Lt. Col. Damien Pickart, a spokesman for the U.S. Air Force, told Reuters Wednesday the deployments could include B-1 bombers and an expansion of B-52 bomber missions. However, Pickart noted that talks between the two countries were preliminary.
"These bomber rotations provide opportunities for our airmen to advance and strengthen our regional alliances and provide (Pacific Air Forces) and U.S. Pacific Command leaders with a credible global strike and deterrence capability to help maintain peace and security in the Indo-Asia-Pacific region," Pickart told Reuters.
Australian Prime Minister Malcolm Turnbull declined to comment on the matter when approached by reporters.
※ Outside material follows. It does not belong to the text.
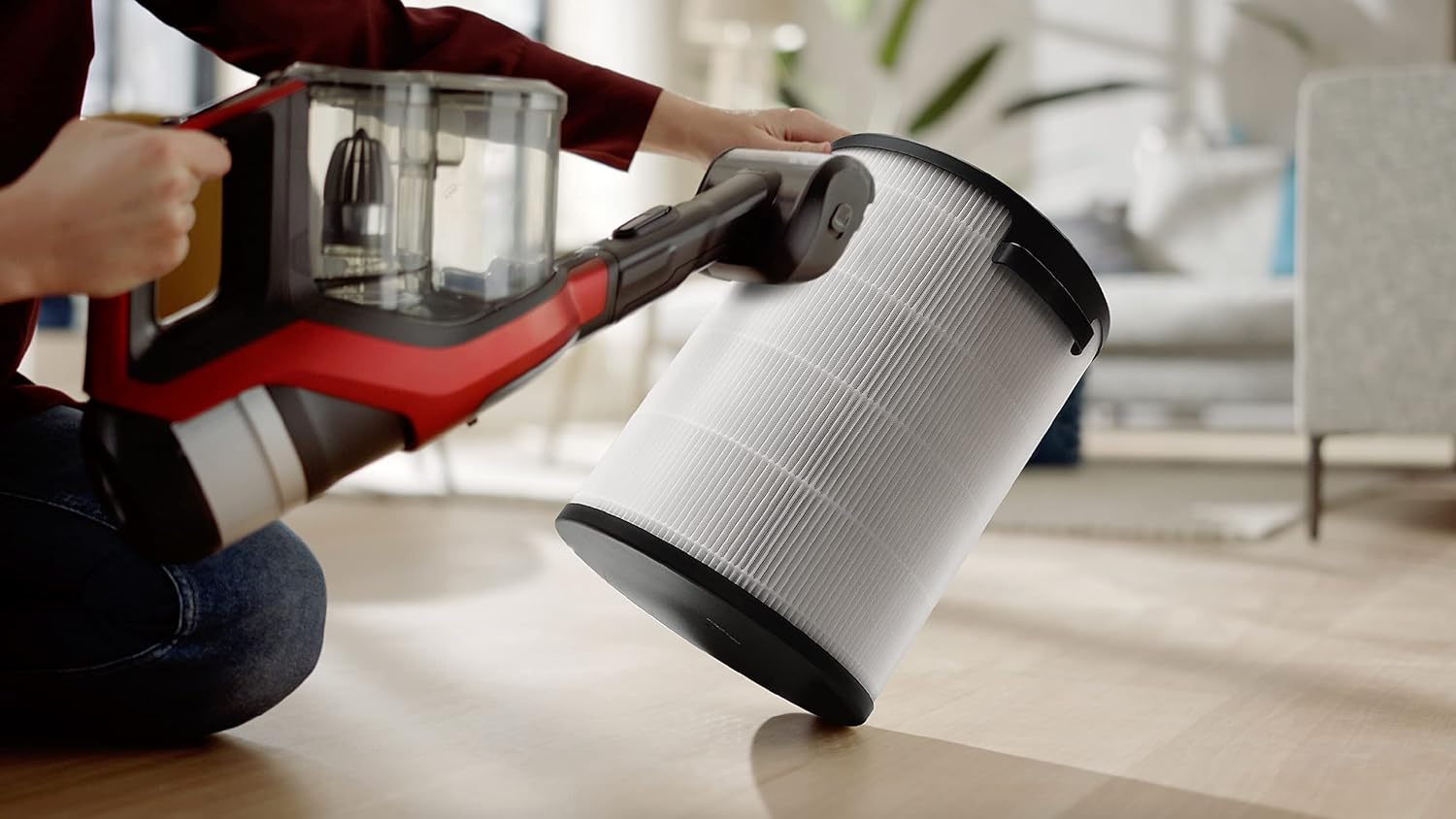 PHILIPS FYM860/30 Yedek Filtre AMF870 ve AMF765 Hava Temizleyicileri için Entegre 3'ü 1 Arada, HEPA, Aktif Karbon - Görsel 3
"I can just assure you that everything we do in this area is very carefully determined to ensure that our respective military forces work together as closely as possible in our mutual national interests," he said.
Should the U.S. and Australia reach an agreement, it is sure to add more pressure on China.
"Cooperation among relevant counties should protect regional peace and stability, and not target the interests of third parties," Chinese Foreign Ministry spokesman Hong Lei said in a briefing.
Washington sent an aircraft carrier and five escort ships to the South China Sea last week. The dispatch sent a signal to China that the U.S. Navy will continue to conduct freedom of navigation patrols even as China continues to “militarize” the artificial reefs, defense officials told Fox News.
The possibility of the U.S. stationing B-1 bombers in Australia was broached last year, but Australia’s Defense Minister said they had misspoken.
The U.S. conducts B-52 missions from Australia periodically, but doesn’t fly any B-1s from there.